Sous le soleil de Satan
6.7

Sous le soleil de Satan (1987)

1 h 38 min. Sortie : 2 septembre 1987. Drame

Film de Maurice Pialat

Thaddeus a mis 5/10.

Annotation :

Quelque chose m’a échappé dans cette adaptation palmée de Bernanos. Cette fois la rigueur et l’âpreté habituelles de Pialat confinent à la sécheresse, à l’ascétisme, à une certaine forme d’austérité : ce n’est pas un film gratifiant, ses effets étant constamment désamorcés, ses aspérités et ses confusions nourrissant toujours les maladresses de l’aventure spirituelle.
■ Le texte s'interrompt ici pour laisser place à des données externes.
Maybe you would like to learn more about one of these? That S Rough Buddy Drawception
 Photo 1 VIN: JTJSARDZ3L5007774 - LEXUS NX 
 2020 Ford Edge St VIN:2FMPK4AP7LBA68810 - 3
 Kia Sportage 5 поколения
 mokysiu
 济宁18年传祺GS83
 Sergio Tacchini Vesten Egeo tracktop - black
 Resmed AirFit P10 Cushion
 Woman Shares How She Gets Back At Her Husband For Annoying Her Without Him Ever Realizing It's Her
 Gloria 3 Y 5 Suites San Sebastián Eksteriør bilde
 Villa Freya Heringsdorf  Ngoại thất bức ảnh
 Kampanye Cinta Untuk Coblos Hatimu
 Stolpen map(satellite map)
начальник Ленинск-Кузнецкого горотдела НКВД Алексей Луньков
Les doutes et la crise de foi de ce prêtre sont tangibles, ses tourments s’expriment dans l’entre-deux de la chute et de la grâce, au sein d’une transcription aride qui fait du monde un espace déshumanisé, hanté par le silence de Dieu et l’appel triomphant du démon, et l’œuvre se clôt en faisant tomber sur le spectateur comme une chape de plomb. Si la vision de l’artiste est sans compromis, elle m’a pour le coup un peu laissé sur le carreau.

Van Gogh
7.3

Van Gogh (1991)

2 h 38 min. Sortie : 30 octobre 1991. Biopic, Drame

Film de Maurice Pialat

Thaddeus a mis 9/10 et a écrit une critique.

Annotation :

S’il est peut-être le plus accompli du réalisateur, ce film magistral est aussi, probablement, le plus accessible. C’est un cinéma toujours aussi écorché, composé de fragments et d’éclats bruts, dans lequel la vie s’engouffre en bouffées suffocantes de fièvre et d’authenticité, mais il respire d’une lumière nouvelle. Il s’offre tel un chaos dompté, rompant totalement avec les canons de la biographie : pas de glorification artistique, pas de lyrisme fiévreux, simplement le portrait à la fois dépouillé et tumultueux d’un être fragile, incompris, épuisé par un trop-plein de vie intérieure. À la croisée du naturalisme et de l’impressionnisme, les tableaux renoiriens de climats champêtres, les flâneries en guinguette et les quadrilles bucoliques alternent avec les instants de doute, de remords, d’enthousiasme. Chef-d’œuvre.
Top 10 Année 1991 :
http://lc.cx/UPN

Le Garçu
7.1

Le Garçu (1995)

1 h 42 min. Sortie : 31 octobre 1995. Drame

Film de Maurice Pialat

Thaddeus a mis 8/10.

Annotation :

Avec la tendresse blessée et le refus du compromis qui l’ont toujours défini, Pialat cristallise la terreur de l’abandon et de la disharmonie affective : celle de ce père qui semble courir désespérément après le fils qu’il ne parvient pas à rejoindre. Tout son cinéma est convoqué, synthétisé, et en même temps remis à plat dans ce dernier film, magnifique interrogation sur la filiation, la paternité, la famille recomposée, qui charrie de puissants blocs d’humanité dans toute sa tendresse et sa cruauté, et qui renvoie l’essentiel du cinéma français dans la catégorie des gentils simulacres. Il arpente le territoire de la perte, des guerres incessantes, des amours gâchées, celui de la dépossession à tous les niveaux affectifs, où tout s’étiole irrémédiablement, tout se joue trop tard et nous échappe (la femme aimée, les êtres chers, l’enfant).